▶ _SUPPLIED MATERIAL_:
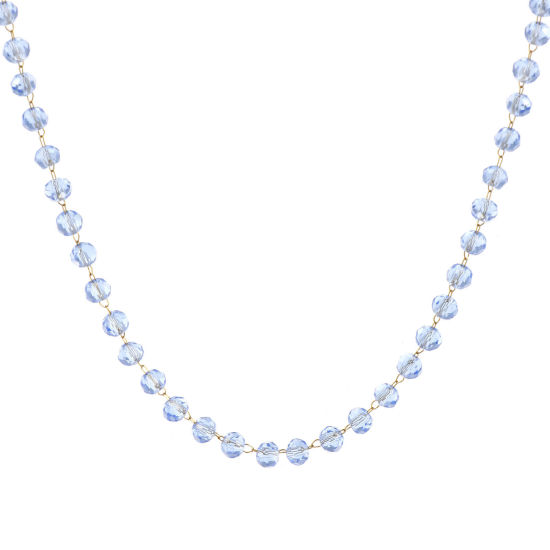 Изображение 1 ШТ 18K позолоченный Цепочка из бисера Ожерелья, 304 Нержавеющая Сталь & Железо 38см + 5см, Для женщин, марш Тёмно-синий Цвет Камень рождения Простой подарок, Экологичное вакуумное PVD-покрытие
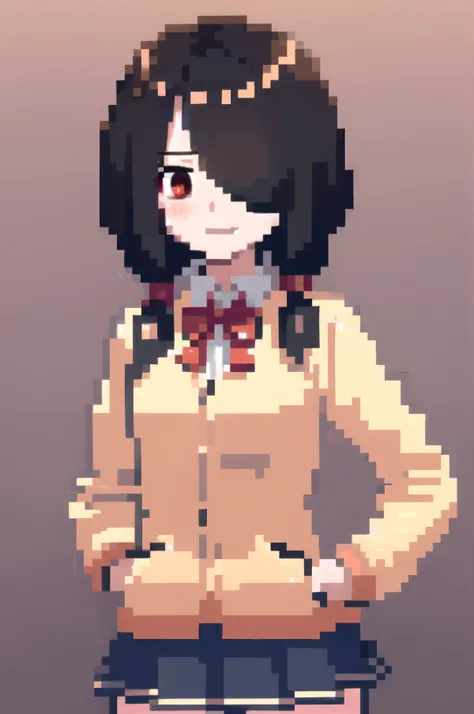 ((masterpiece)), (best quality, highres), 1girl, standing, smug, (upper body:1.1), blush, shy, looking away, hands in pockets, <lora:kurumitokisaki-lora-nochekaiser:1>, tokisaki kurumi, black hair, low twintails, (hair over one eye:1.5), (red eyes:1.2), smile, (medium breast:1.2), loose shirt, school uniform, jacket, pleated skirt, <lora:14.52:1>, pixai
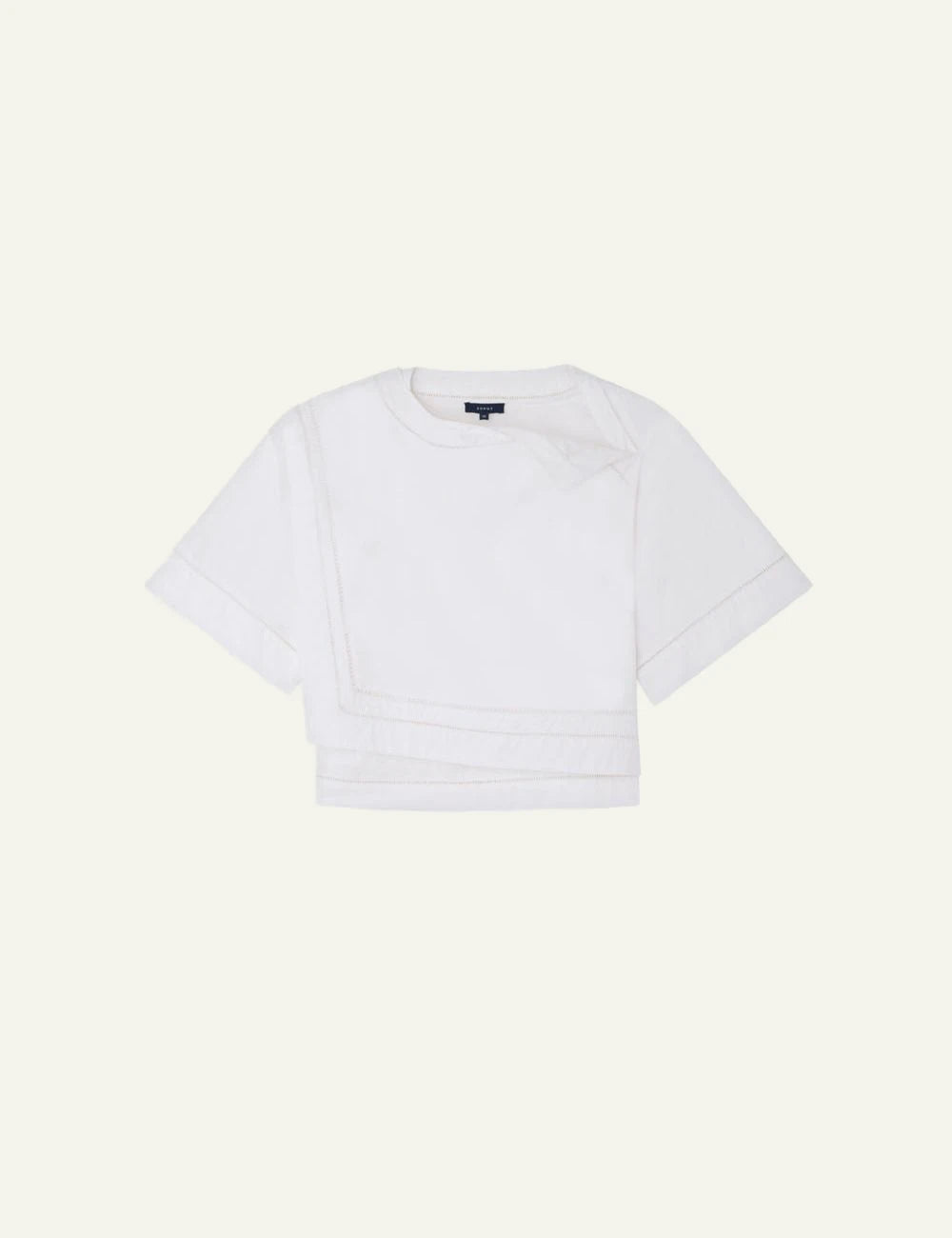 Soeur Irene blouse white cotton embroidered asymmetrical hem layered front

▶ _WHAT YOU NEED TO DO_:
Set the pictures aside and transcribe the data above exactly.

▶ _SOLVED EXERCISE_:
 Изображение 1 ШТ 18K позолоченный Цепочка из бисера Ожерелья, 304 Нержавеющая Сталь & Железо 38см + 5см, Для женщин, марш Тёмно-синий Цвет Камень рождения Простой подарок, Экологичное вакуумное PVD-покрытие
 ((masterpiece)), (best quality, highres), 1girl, standing, smug, (upper body:1.1), blush, shy, looking away, hands in pockets, <lora:kurumitokisaki-lora-nochekaiser:1>, tokisaki kurumi, black hair, low twintails, (hair over one eye:1.5), (red eyes:1.2), smile, (medium breast:1.2), loose shirt, school uniform, jacket, pleated skirt, <lora:14.52:1>, pixai
 Soeur Irene blouse white cotton embroidered asymmetrical hem layered front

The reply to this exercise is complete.